Chinese Army Short of New Recruits

March 22, 2011 Updated: March 29, 2011

Shandong Province has always been a major source of China’s soldiers—up to 10 percent of new recruits each year—but not in 2010.

Tan Wenhu, former military Commander General of Shandong Province believes that one major contributing factor is that businesses and the military are competing for limited manpower.

Tan recently spoke at China’s National People’s Congress and said that the reasons for recruitment shortages are: lowered birth rates, labor shortage in different areas in 2010, the public’s lack of awareness of national defense, and many parents’ unwillingness to send their children to suffer hardship in the army, the state-run China National Radio reported on March 15.

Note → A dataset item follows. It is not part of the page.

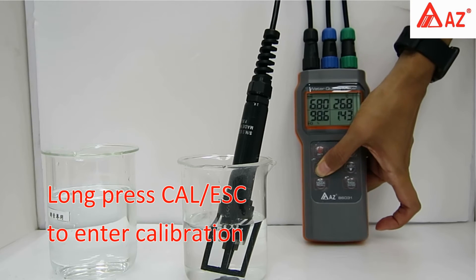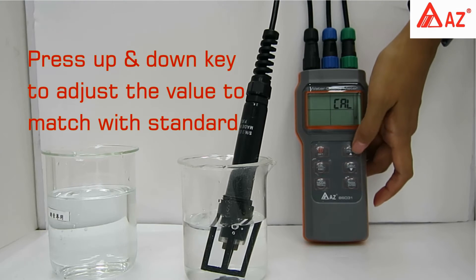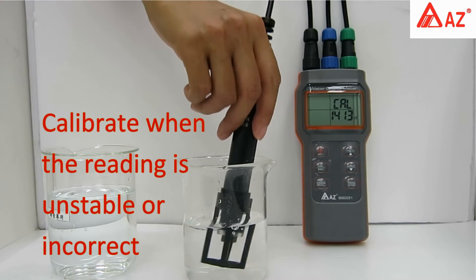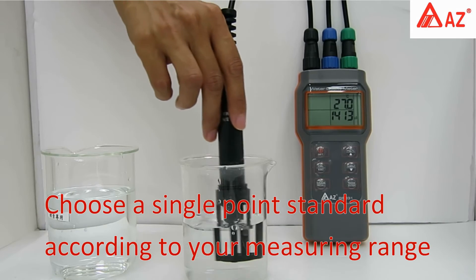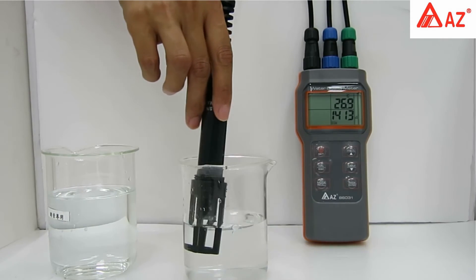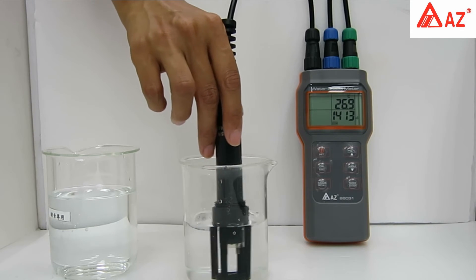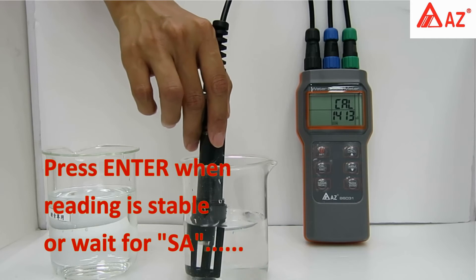Long press the Cal/Escape key to enter calibration. The probe will automatically detect — press the up and down keys to adjust the value to match the standard. Perform calibration when the reading is unstable or incorrect. Standard buffer should be discarded after one-time use. Only a single-point calibration is needed — choose an appropriate standard according to your measuring range. Once the reading is stable, press Enter or wait for the SA icon — the result is automatically saved.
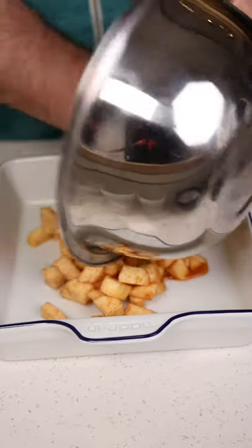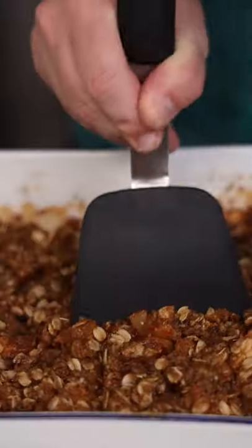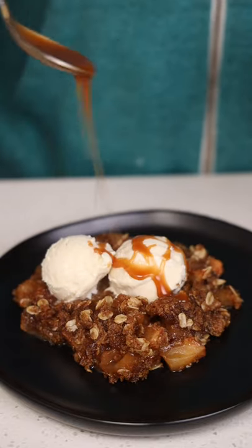Butter up your baking dish, then just pour in those apples. Finish with the crumble and throw it in the oven. Serve it immediately so you can ensure that you're going to burn your mouth and justify adding a bunch of ice cream and salted caramel.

One major reason for the shortfall is veterans’ low subsistence allowance. Tan explained that Shandong’s urban workers earned an average of 30,000 yuan (US$4,569) in 2009, while the per capita net income of farmers was 6,119 yuan (US$932); but the annual subsistence allowance for a veteran soldier is only about 3,000 yuan (US$457).

Many veterans in rural areas of Shandong Province don’t even receive 3,000 yuan in subsistence allowance every year, Radio Free Asia (RFA) reported on March 19, quoting Cui Shaohua, a veteran from Yantai, Shandong Province.

Cui said that after spending 18 years in the military he is now penniless, without health insurance, social security or a minimum living standard. “I am now worse off than farmers,” he told RFA.

Tan says that the authorities need to improve their regulations and guarantee veterans’ welfare. The central government should be in charge of soldiers’ subsistence allowance in order to eliminate the discrepancies in allowances between urban and rural areas.

Many veterans all over China have been petitioning for their social welfare, mostly due to problems in demobilization benefits and the huge differences in implementation of benefits in different areas. The central government’s policies for demobilized soldiers were not fully carried out in local areas, Cui told RFA.

There is a huge difference between how the Chinese regime treats enlisted soldiers and demobilized soldiers, according to the RFA report, quoting Liu Qing, a human rights activist in New York.

Liu said that the regime’s military spending is very high and it has continued to boost soldiers’ pay; it recently announced that soldiers and officers will receive up to 40 percent pay raise.

“The Chinese regime is doing this to buy the soldiers’ loyalty,” he said, “But what the regime wants to buy are the enlisted soldiers, not the veterans. So the veterans are in a miserable situation.”